MD Simulation Protocol

All simulations were carried out with LAMMPS. Two EAM potentials—Zhou‑EAM and Ravelo‑EAM—were evaluated for their ability to reproduce elastic constants at 0 K and under hydrostatic pressure. The Ravelo‑EAM potential, developed by Ravelo et al. (Phys. Rev. B 2013, 88, 134101), outperformed Zhou‑EAM across the pressure range of interest. We used the direct method to compute C₁₁ and C₁₂ and derived the <100> elastic modulus via Eq. (1). Subsequent simulations employed a 1 fs time step, periodic boundary conditions in all directions, and a 50 ps NVT relaxation followed by NPT equilibration to impose hydrostatic pressures (0–140 GPa).
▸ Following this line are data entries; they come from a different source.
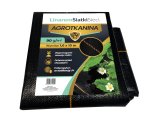 Agrotkanina 90g 1,6x10m czarna. Agrowłóknina na chwasty. Filtr UV 3%. Linarem SiatkiSieci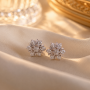 Asher Stud Diamond Earrings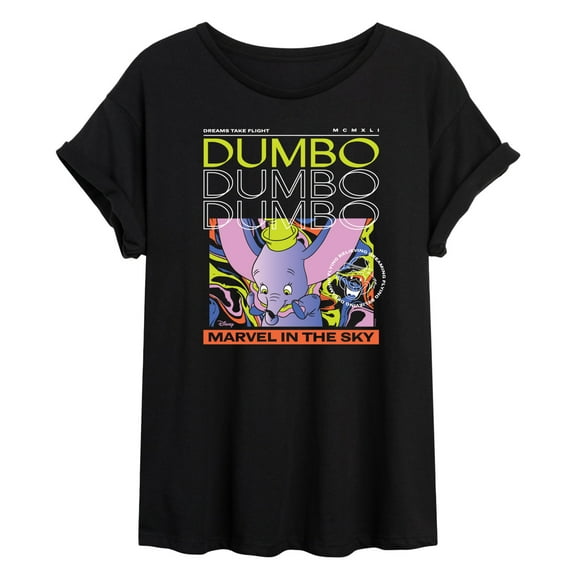 Disney - Dumbo - Marvel In The Sky - Women's Oversized T-Shirt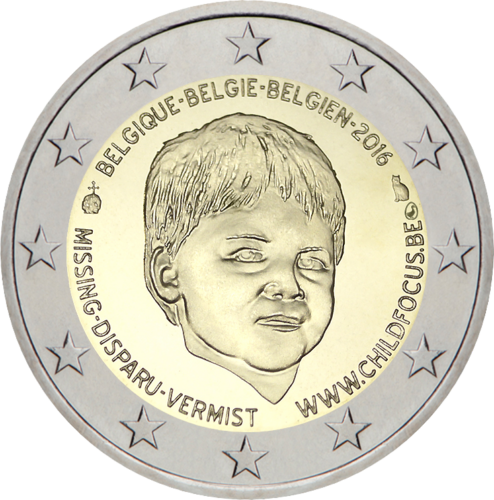 2016 Belgija Dingę vaikai 2 eurų PROOF moneta (3)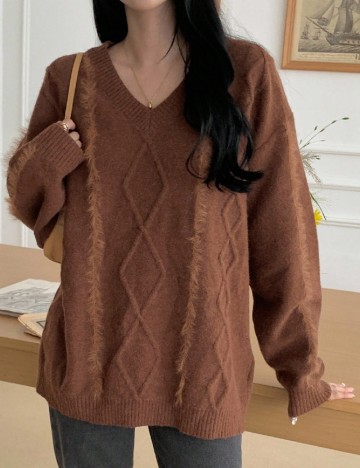 Bluza Oversize Dazy, maro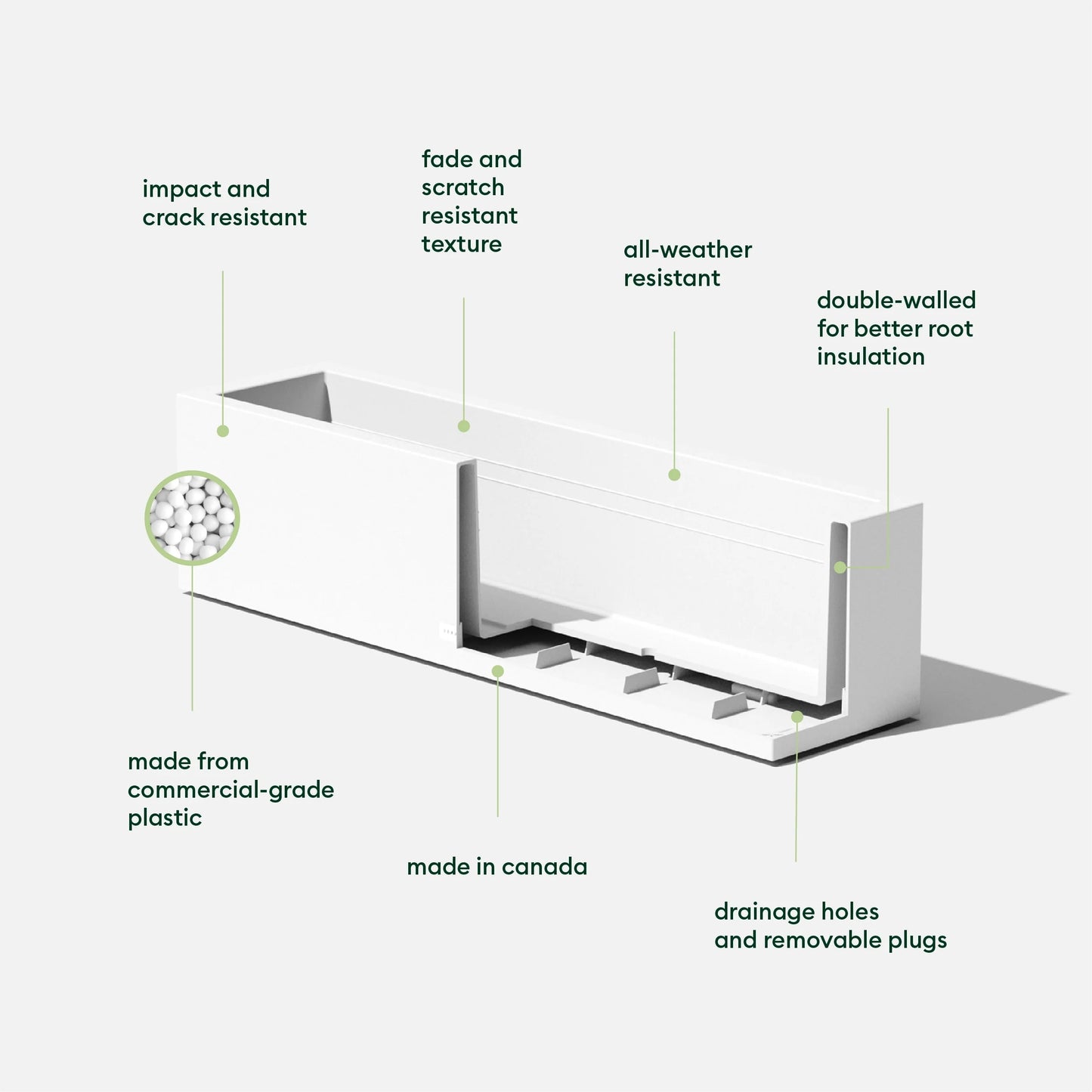 Block Series Window Box Planter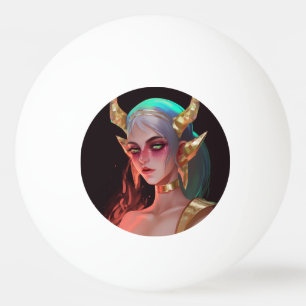 Cute Horned Cyber Demon Girl Pingisboll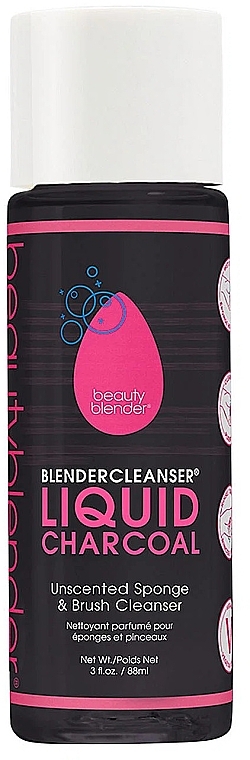 Charcoal Cleansing Gel for Sponges & Brushes - Beautyblender Blender Cleanser Liquid Charcoal — photo N1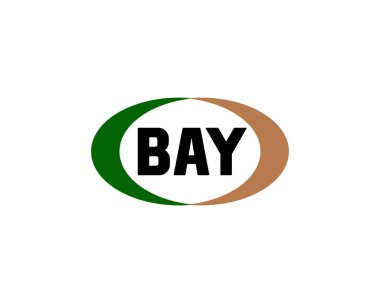 BAY logo tasarım vektör şablonu. BAY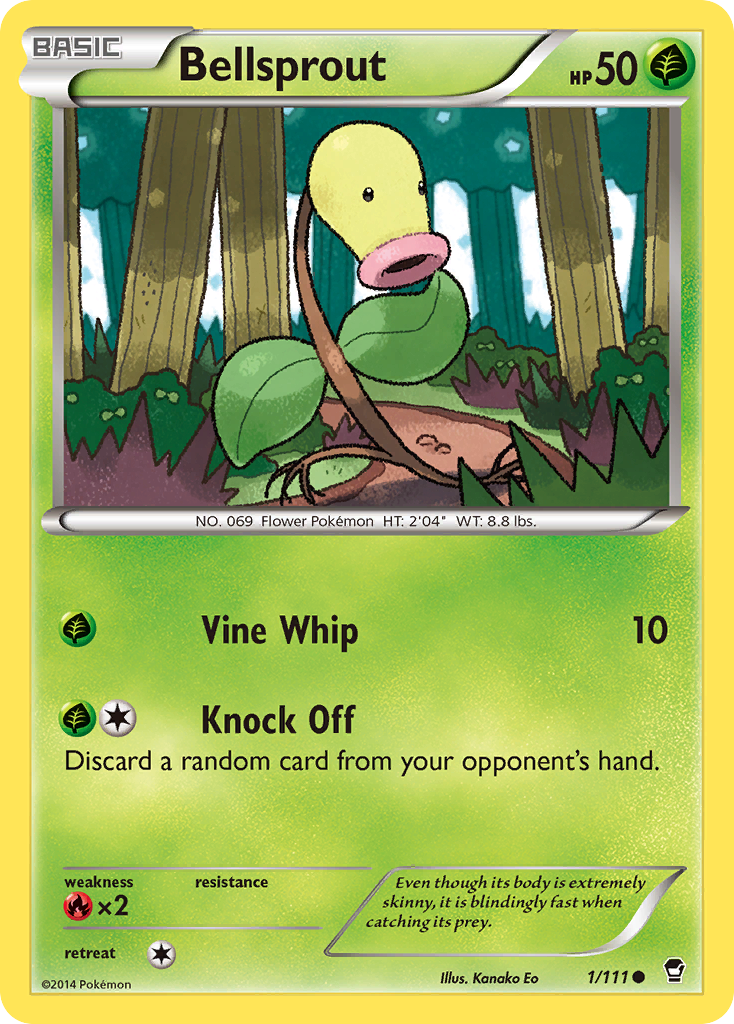 Bellsprout (1/111) [XY: Furious Fists] | North Valley Games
Tensile loading along x was applied at strain rates from 5 × 10⁸ s⁻¹ to 7.5 × 10⁹ s⁻¹ until a 15 % elongation was reached.

Results and Discussion

Stretching Process

Figure 3 shows the stress–strain response and corresponding atomic configurations during <100> tension at zero pressure. Elastic deformation is linear up to ~7 % strain, after which a BCC→FCC transformation initiates at ~7.4 % and completes by ~9.8 %. The FCC phase persists until a surface fracture occurs near 13 %. The transformation and fracture mechanisms are consistent across all model sizes and strain rates, indicating negligible size or rate effects on the elastic modulus and yielding stress.

Size and Strain‑Rate Effects

Table 2 demonstrates that model size (3.96–9.90 nm) does not influence the elastic modulus (~139 GPa) or yielding stress. Similarly, Table 3 shows that strain rates between 5 × 10⁸ s⁻¹ and 7.5 × 10⁹ s⁻¹ produce no discernible changes in these properties. Consequently, a 3.96 nm cell and a strain rate of 5 × 10⁸ s⁻¹ were adopted for all subsequent analyses.

Temperature Dependence

Figure 4 illustrates the evolution of the stress–strain curves from 1 K to 1500 K. Both the elastic modulus E₁₀₀ and the yielding stress decrease monotonically with temperature. The modulus declines by ~42 % (136.5 → 76.7 GPa) and the yielding stress by ~51 % (≈8 → 4 GPa) over this range. A linear fit yields E₁₀₀ = 138.07 – 0.04094 T (GPa), valid up to 1500 K, while a quadratic fit captures the yielding stress dependence.

Pressure Dependence

Figure 6 presents E₁₀₀ versus hydrostatic pressure (0–140 GPa) at several temperatures. At 1 K, the dynamic results agree closely with static calculations based on Eq. (1). For temperatures ≤ 600 K, a concave region appears between 20–60 GPa, consistent with previous MD studies, whereas higher‑temperature curves remain monotonic. Across all temperatures, E₁₀₀ increases with pressure above ~40 GPa, confirming that Ta’s stiffness is enhanced under compression.

Conclusions

We performed a comprehensive MD investigation of Ta single crystals under <100> tension across a broad spectrum of temperatures (1–1500 K) and pressures (0–140 GPa). The Ravelo‑EAM potential proved reliable for high‑pressure simulations. Key findings include: (1) a BCC→FCC phase transition precedes fracture at low temperature; (2) elastic modulus and yielding stress decline linearly and quadratically, respectively, with temperature; (3) pressure enhances the elastic modulus above ~40 GPa; and (4) model size and strain rate exert negligible influence on the measured elastic properties.